Even coming up with preferences for a birth in your own head, where you have a very clear idea of what mental state you are in, is a difficult balancing act. I'm sure it wasn't fun to go through but your consultant this time around got you both the midwife you felt comfortable with AND the outcome you wanted. That isn't really bad going.

MedicalEd Fri 01-Mar-13 15:02:02

Only just seen this thread OP, am glad you got the outcome you wanted.
But I am so furious with that consultant. It is definitely not his job to convince you not to have a section, it is his job to do what is best for you and your baby. And to just say 'get over it' is heartless, demeaning and very poor practice.
If you have the strength after the birth, I would complain about him.
Good luck with the section and enjoy snuggling your newborn.

I do appreciate what you're saying ginger but did find some of his comments to be rather unprofessional and uneducated at best. I was really hoping top go for a discussion, but just got a 'rape's not so bad' stonewalling, which was tough!

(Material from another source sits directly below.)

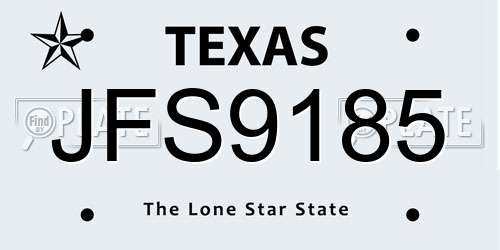 JFS9185 Texas License Plate
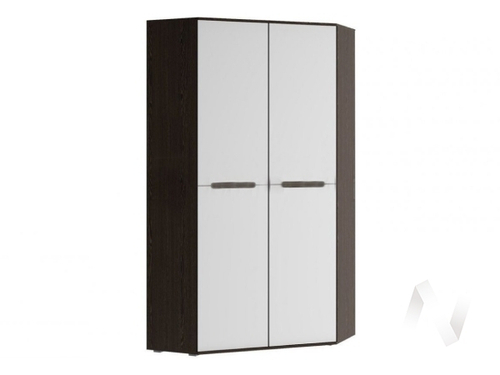 Шкаф угловой универсальный Спальня Ким (венге/белый глянец холодный)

Thanks medicaled I plan to spend this weekend getting all the baby bits together, and buying all the practical stuff... Not long now! Hurrah! x

RubyrooUK Fri 01-Mar-13 17:34:00

Hm, not sure I agree Ginger.

I think the best thing for the majority of people is likely to be a vaginal birth. So I think it is totally right for doctors to present all the options and discuss them with patients. A friend of mine who wanted a c-section decided after discussing it with her consultant that actually she would prefer a vaginal birth, especially once the consultant explained very thoroughly how they would help her though it to avoid complications. It was a good outcome.

But if I had a woman telling me of post-birth surgery, flashbacks relating to assault causes by vaginal injuries, I'd never suggest they "deal with it". My own consultant was incredibly sympathetic when we had a similar conversation. I felt like he was thinking of the best thing for the baby AND me.

Yes, Penguins' doctor got the midwife so it was good that he acknowledged that more needed to be done to help Penguins make her point. Still doesn't mean he should have dismissed a birth that induced post-assault flashbacks saying "deal with it".